> Strikingly, Claude seems to be unaware of the sophisticated "mental math" strategies that it learned during training. If you ask how it figured out that 36+59 is 95, it describes the standard algorithm involving carrying the 1. This may reflect the fact that the model learns to explain math by simulating explanations written by people, but that it has to learn to do math "in its head" directly, without any such hints, and develops its own internal strategies to do so.
https://www.anthropic.com/news/tracing-thoughts-language-mod...
It seems to be about as useful as asking a person how their hippocampus works: they might be able to make something up, or repeat a vaguely remembered bit of neuroscience, but they don't actually have access to their own hippocampus' internal workings, so if they're correct it's by accident.
As an analogy, I might ask you to identify the relative activations of each of the three cone types on your retina as I present some solid color image to your eyes. But of course you can't do this, you simply do not have cognitive access to that information. Individual color experiences are your basic vision tokens.

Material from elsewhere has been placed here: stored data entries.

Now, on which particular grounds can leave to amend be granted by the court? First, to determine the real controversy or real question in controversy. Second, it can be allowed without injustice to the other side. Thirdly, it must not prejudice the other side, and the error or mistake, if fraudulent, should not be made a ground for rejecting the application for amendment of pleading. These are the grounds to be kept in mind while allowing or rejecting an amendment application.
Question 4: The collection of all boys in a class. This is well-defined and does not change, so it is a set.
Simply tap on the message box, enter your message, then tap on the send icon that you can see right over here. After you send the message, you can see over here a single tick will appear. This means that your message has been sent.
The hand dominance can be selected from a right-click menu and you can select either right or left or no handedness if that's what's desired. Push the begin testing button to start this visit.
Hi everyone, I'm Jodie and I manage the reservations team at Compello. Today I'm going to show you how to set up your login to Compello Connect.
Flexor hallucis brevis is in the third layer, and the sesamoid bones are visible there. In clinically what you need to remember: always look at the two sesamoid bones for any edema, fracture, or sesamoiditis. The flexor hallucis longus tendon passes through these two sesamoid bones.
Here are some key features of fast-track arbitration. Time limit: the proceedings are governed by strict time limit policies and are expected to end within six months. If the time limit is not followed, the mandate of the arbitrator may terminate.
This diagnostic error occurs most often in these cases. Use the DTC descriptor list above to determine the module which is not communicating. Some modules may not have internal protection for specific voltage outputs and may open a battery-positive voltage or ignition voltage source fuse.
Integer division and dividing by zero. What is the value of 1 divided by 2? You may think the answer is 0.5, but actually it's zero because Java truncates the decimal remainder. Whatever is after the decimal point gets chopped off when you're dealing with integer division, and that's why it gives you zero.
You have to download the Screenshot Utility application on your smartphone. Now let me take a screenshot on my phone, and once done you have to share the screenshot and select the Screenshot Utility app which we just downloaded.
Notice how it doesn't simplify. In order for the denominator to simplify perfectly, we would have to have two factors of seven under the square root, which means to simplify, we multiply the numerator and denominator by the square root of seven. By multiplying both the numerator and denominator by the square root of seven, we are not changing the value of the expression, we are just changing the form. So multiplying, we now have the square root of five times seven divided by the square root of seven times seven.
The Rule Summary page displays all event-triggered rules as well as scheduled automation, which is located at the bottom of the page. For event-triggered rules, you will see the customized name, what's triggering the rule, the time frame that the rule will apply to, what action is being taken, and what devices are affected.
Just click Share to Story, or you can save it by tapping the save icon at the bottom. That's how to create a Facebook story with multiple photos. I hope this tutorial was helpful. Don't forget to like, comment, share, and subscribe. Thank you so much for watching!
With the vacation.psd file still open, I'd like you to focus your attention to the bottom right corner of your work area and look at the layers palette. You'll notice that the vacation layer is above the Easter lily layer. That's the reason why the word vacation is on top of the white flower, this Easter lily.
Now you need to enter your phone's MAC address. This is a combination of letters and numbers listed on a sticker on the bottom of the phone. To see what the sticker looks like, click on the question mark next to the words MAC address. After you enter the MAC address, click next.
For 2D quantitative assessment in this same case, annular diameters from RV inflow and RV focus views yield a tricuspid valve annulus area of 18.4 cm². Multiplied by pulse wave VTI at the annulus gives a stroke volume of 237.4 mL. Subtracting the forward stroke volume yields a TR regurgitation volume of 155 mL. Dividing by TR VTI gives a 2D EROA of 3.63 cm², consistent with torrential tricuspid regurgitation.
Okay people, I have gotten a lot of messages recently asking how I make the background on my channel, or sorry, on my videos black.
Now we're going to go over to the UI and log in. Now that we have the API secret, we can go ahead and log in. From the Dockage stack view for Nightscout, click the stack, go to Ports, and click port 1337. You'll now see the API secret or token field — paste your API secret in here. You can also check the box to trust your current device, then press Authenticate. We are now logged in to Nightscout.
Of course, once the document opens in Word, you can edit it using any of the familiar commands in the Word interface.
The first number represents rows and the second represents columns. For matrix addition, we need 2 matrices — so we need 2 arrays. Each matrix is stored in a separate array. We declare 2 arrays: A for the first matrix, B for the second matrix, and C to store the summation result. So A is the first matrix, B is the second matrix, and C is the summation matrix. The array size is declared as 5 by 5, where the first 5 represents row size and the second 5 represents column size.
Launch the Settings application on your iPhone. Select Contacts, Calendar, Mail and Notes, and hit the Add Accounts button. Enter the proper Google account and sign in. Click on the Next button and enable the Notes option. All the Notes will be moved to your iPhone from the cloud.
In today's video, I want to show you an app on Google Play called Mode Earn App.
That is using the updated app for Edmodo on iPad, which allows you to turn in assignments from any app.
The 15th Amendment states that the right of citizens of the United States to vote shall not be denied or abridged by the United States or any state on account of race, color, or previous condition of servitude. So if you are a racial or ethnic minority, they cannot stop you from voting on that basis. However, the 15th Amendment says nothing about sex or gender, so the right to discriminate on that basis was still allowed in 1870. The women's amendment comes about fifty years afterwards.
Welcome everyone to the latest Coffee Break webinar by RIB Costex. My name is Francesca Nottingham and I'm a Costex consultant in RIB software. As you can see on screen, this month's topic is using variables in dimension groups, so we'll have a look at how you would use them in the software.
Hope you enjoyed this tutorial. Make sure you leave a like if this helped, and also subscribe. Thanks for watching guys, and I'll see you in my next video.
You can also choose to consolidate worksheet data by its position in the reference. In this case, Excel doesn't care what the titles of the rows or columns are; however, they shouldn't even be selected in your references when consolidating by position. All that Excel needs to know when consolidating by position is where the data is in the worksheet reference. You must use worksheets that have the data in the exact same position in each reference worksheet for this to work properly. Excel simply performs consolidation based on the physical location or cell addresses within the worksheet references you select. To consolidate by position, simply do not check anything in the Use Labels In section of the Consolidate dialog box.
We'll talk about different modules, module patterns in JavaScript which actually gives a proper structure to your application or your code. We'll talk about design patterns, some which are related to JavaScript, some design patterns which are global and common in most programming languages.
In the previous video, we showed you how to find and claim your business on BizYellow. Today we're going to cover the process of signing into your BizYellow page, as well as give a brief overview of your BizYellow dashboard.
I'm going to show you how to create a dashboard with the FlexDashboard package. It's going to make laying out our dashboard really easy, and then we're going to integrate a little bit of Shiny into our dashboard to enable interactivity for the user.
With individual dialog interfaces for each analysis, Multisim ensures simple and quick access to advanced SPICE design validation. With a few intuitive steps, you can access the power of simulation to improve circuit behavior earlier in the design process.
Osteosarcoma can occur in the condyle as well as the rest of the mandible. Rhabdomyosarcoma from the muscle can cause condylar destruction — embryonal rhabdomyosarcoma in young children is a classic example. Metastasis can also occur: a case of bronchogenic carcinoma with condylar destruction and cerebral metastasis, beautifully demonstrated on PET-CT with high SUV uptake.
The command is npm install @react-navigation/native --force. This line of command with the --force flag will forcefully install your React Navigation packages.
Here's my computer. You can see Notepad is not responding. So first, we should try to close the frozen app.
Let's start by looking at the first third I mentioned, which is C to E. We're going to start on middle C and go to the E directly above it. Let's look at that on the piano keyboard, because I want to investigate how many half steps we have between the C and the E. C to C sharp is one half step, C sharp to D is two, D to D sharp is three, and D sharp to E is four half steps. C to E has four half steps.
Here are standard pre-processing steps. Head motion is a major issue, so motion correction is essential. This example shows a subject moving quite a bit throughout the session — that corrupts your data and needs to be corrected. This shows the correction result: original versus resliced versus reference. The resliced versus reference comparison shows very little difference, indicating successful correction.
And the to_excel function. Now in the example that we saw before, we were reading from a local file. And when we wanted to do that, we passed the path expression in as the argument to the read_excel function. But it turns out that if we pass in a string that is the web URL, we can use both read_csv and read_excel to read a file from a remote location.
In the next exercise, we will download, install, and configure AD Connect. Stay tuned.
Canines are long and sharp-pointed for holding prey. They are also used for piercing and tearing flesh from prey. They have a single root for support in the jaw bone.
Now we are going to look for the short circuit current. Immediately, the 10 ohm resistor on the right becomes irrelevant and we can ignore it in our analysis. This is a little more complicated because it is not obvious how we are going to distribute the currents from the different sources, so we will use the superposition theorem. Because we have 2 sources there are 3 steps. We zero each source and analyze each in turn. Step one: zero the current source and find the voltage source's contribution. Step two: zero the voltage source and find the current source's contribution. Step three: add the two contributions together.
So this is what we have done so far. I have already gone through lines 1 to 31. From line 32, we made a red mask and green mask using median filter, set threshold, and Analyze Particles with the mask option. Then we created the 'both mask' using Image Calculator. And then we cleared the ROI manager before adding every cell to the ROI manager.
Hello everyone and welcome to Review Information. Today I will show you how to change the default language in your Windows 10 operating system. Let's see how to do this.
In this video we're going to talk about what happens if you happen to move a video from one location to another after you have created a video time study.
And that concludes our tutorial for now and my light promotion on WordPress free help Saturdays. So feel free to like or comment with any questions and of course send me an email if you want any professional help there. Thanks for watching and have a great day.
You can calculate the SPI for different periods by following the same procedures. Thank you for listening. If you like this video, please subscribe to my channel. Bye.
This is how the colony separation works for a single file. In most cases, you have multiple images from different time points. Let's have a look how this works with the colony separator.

Actually, I asked Grok this question a while ago when probing how well it could count vowels in a word. It got it right by listing every letter individually. I then asked it to count without listing the letters and it was a couple of letters off. I asked it how it was counting without listing the letters and its answer was pretty fascinating, with a seeming awareness of its own internal processes:
Connecting a token to a vowel, though, requires a bit of a mental pivot. Normally, I’d just process the token and move on, but when you ask me to count vowels, I have to zoom in. I don’t unroll the word into a string of letters like a human counting beads on a string. Instead, I lean on my understanding of how those tokens sound or how they’re typically constructed. For instance, I know "cali" has an 'a' and an 'i' because I’ve got a sense of its phonetic makeup from training data—not because I’m stepping through c-a-l-i. It’s more like I "feel" the vowels in there, based on patterns I’ve internalized.
When I counted the vowels without listing each letter, I was basically hopping from token to token, estimating their vowel content from memory and intuition, then cross-checking it against the whole word’s vibe. It’s not perfect—I’m not cracking open each token like an egg to inspect it—but it’s fast and usually close enough. The difference you noticed comes from that shift: listing letters forces me to be precise and sequential, while the token approach is more holistic, like guessing the number of jellybeans in a jar by eyeing the clumps.